Moiraine entendit Leane s’agiter dans son dos. Elle n’avait pas su contenir sa colère, et nul ne pouvait parler ainsi à la Chaire d’Amyrlin, y compris un roi assis sur son trône.

— Tu devrais savoir, ma fille, qu’Elaida ne fait de mal à personne, à part aux gens qu’elle estime dangereux. Les Suppôts des Ténèbres, les pitoyables idiots qui tentent de canaliser le Pouvoir, les ennemis déclarés de Tar Valon… Les autres êtres humains – à l’exception des Aes Sedai, bien sûr – ne comptent pas plus pour elle que des pions sur un plateau de jeu. Par bonheur, l’aubergiste, un certain maître Gill, pense beaucoup de bien des Aes Sedai et il a répondu aux questions de notre… amie. Si surprenant que ce soit, Elaida dit grand bien de lui. Mais elle s’intéresse beaucoup plus au garçon qui a voyagé avec toi. Plus dangereux qu’aucun homme depuis Artur Aile-de-Faucon, a-t-elle dit. Elle a un don de voyance, tu le sais, et ça donne du poids à ses propos, aux yeux du Hall de la Tour.

Afin de ne pas indisposer Leane, Moiraine adopta le ton le plus soumis dont elle disposait dans son répertoire. Rien de très convaincant, mais il faudrait bien que ça suffise…
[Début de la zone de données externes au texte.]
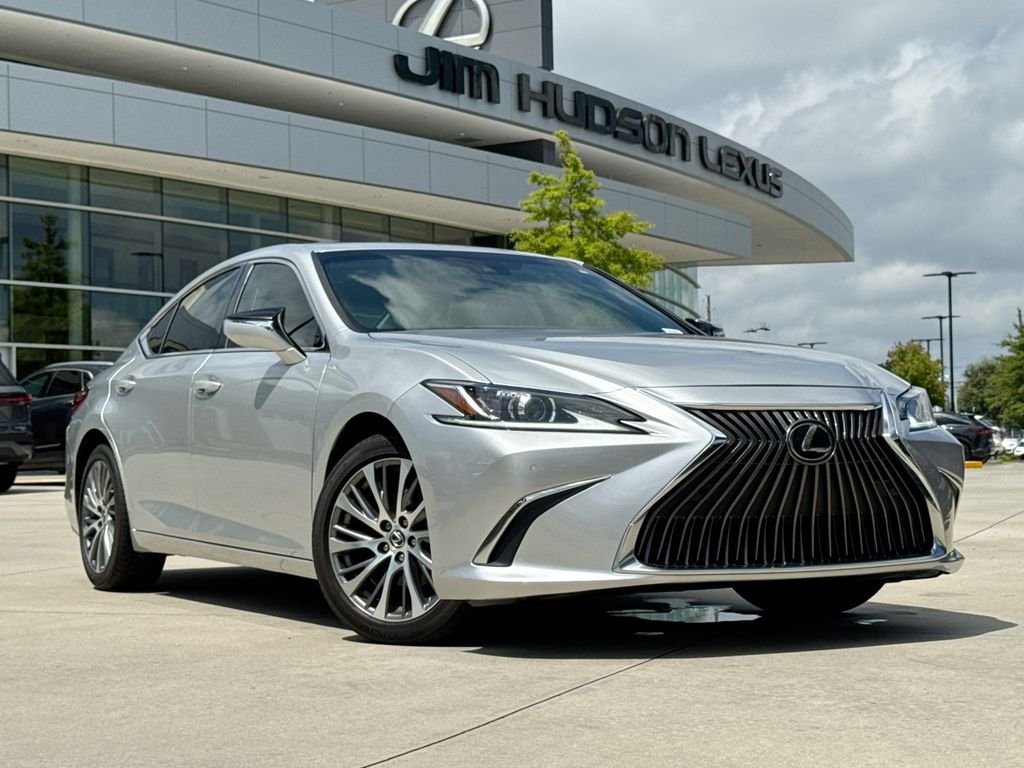 Used 2019 Silver Lexus 350 image 1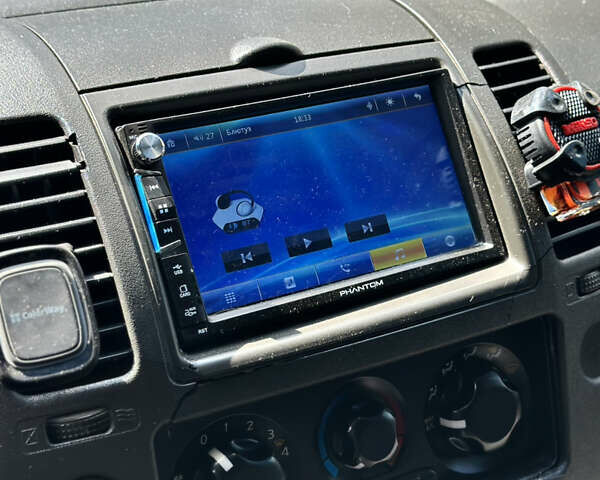 Черный Ниссан Навара, объемом двигателя 2.49 л и пробегом 300 тыс. км за 7237 $, фото 5 на Automoto.ua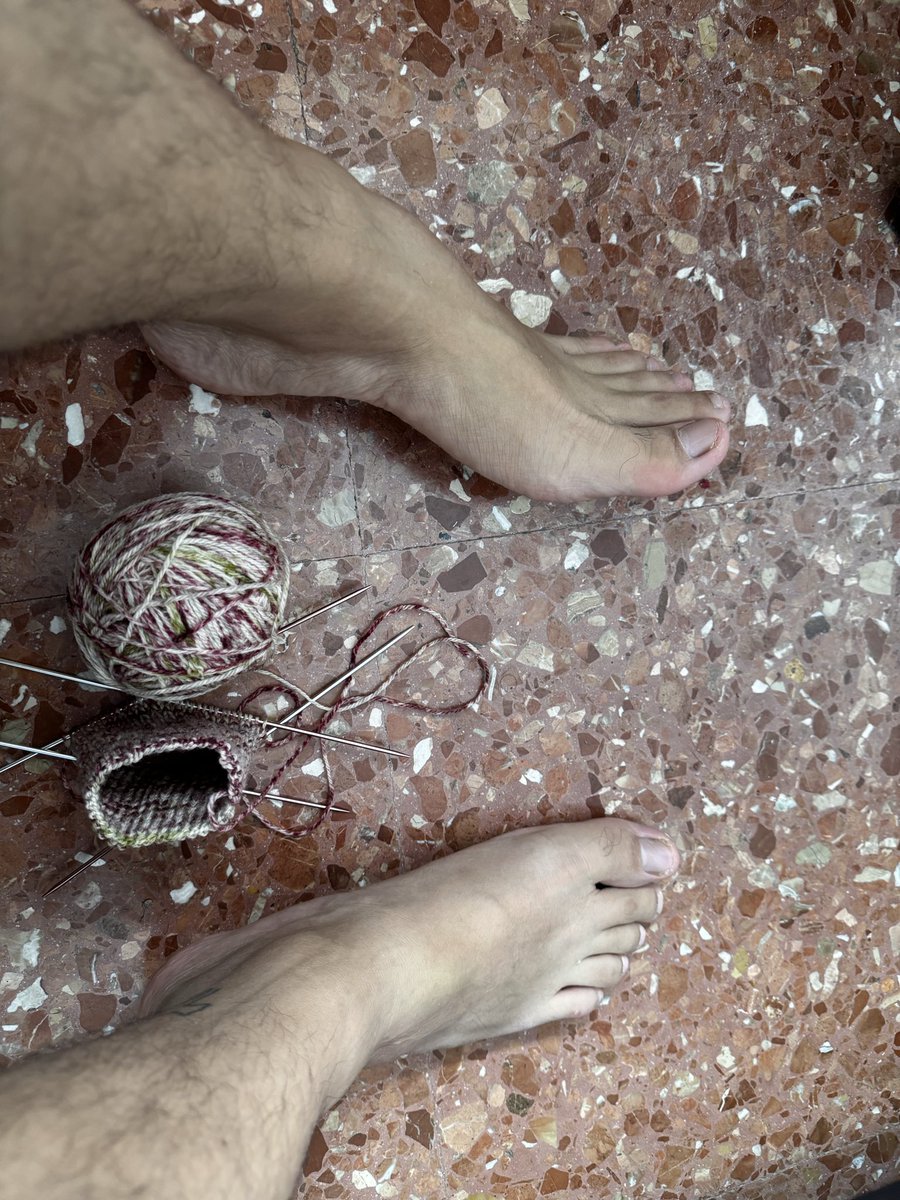KnitterScorpio's tweet photo. Just a good boy with his Sunday hobby #feet #feetfetısh #nsfw #male #القد https://t.co/lvPN8Z9QPR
— Mère, j’ai trois jeunes hommes avec moi, c’est vrai, mais aucun n’est un roi, et je doute fort que l’un d’eux rêve de fédérer le monde sous le règne d’un unique souverain. Depuis la guerre des Cent Années, plus personne n’a partagé le rêve fou d’Artur…

— De jeunes villageois, selon ce que m’a dit Agelmar… Mais l’un d’eux est ta’veren. (La Chaire d’Amyrlin regarda de nouveau le coffre d’or.) Devant le Hall de la Tour, on a évoqué la possibilité que tu fasses une retraite forcée, afin de t’immerger dans une contemplation. La proposition venait d’une des représentantes de l’Ajah Vert, soutenue par ses deux collègues tandis qu’elle parlait.

Leane eut un soupir dégoûté – une façon d’exprimer sa frustration. Lorsque la Chaire d’Amyrlin s’exprimait, elle adoptait toujours profil bas, mais cette interruption était compréhensible. Depuis l’époque d’Artur Aile-de-Faucon, l’Ajah Vert et l’Ajah Bleu étaient alliés, parlant d’une seule et même voix.

— Mère, je n’ai aucune envie de faire pousser des légumes dans un lointain village, dit Moiraine.